There are loads of project management jobs advertised. The job market has slowed down a lot, but as long as you have at least 5 years experience in that position you shouldn't have a problem. There are apparently a lot of projects on hold till after xmas, so that could be perfect timing if you're not over here yet.

I wish I could be as positive about my situation. I've been here 2 months looking for a job.


----------



## Dubai Wanderer (Oct 18, 2008)

dallan said:


> HI Susan
> 
> Yeh Im dreading that bit about when "daddy" moves in Jan - mine are also looking forward to it but are going to miss so much here!! We are also heading out next weekend (Sat 29th till Wed 3rd) to look at schools and houses!!! Small world eh!! At least you have an advantage that hubby is already out and will maybe found his feet a bit!!
> 
> ...


Hi

As far as houses go, I have left my hubby to arrange an agent - he's male so we'll just see how that goes.

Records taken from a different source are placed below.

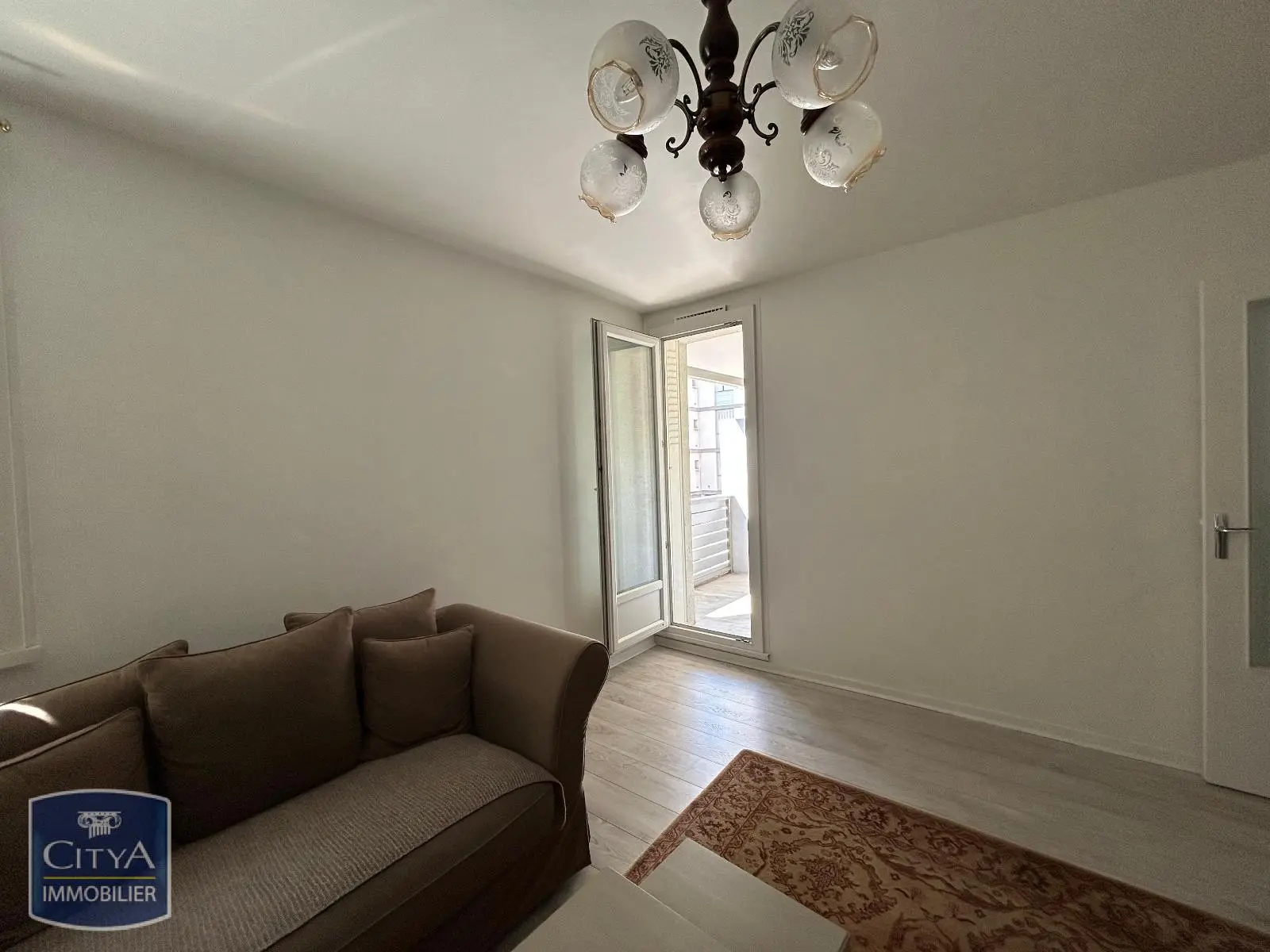 Photo 3 Appartement 2 pièces 49.36m²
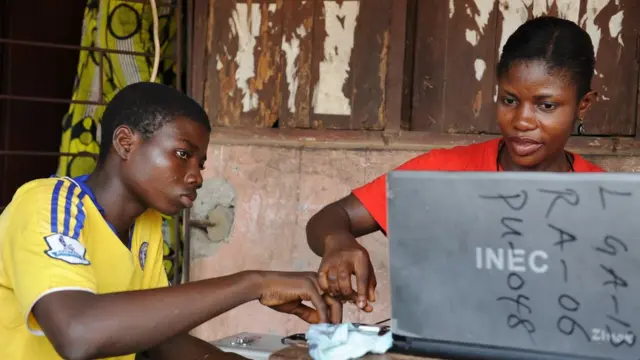 Oṣiṣẹ eleto idibo kan n yanju ọrọ idibo pẹlu oludibo kan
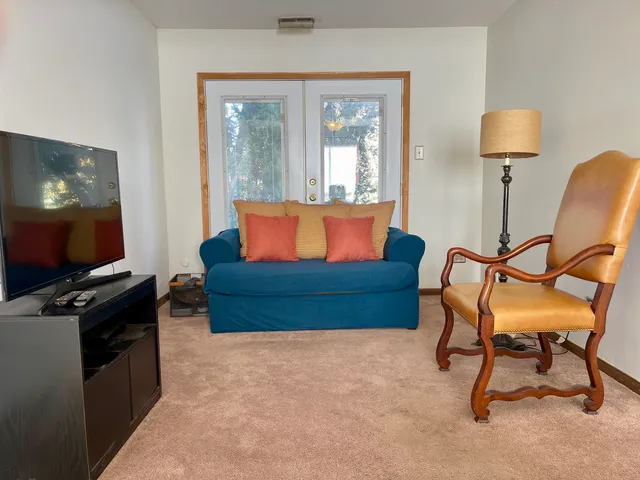 $192,500 | 3406 Seine Court, Hazel Crest, IL 60429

To be fair he has sourced some nice villas in the springs and also an apartment in Jumeriah lake towers to view so fingers crossed. 

I was quite reassured watching GMTV the other morning, they were live from Dubai and it looked really good and everyone I have spoken to has said that although expensive its a great place to bring up the kids.

Let me know how you get on during your visit and I'll do likewise.

Good luck

Susan


----------



## Dubai Wanderer (Oct 18, 2008)

HelenG said:


> There are loads of project management jobs advertised. The job market has slowed down a lot, but as long as you have at least 5 years experience in that position you shouldn't have a problem. There are apparently a lot of projects on hold till after xmas, so that could be perfect timing if you're not over here yet.
> 
> I wish I could be as positive about my situation. I've been here 2 months looking for a job.


Hi Helen

Only wish I was 'that' type of project manager, unfortunatley i'm a business improvement/ IT delivery project manager (not construction) and it would seem those jobs are scarce! What have you arranged for childcare when you get a job, I'm really not sure what facilities there are?

Susan


----------



## HelenG (Oct 21, 2008)

Dubai Wanderer said:


> Hi Helen
> 
> Only wish I was 'that' type of project manager, unfortunatley i'm a business improvement/ IT delivery project manager (not construction) and it would seem those jobs are scarce! What have you arranged for childcare when you get a job, I'm really not sure what facilities there are?
> 
> Susan


I can only speak from my experience so far, but I'd advise you to find out which companies are operating over here and apply to them speculatively. The job agents I've been in touch with have been useless. I'm constantly being told that there just aren't the jobs for people with limited experience, but I was at a walk-in interview session on Friday for 4 hours, being passed to different departments because they all wanted to speak to me.

As for childcare, I can't help you with that one as I don't have any. Sorry. But I'm sure someone else will be able to point you in the right direction.


----------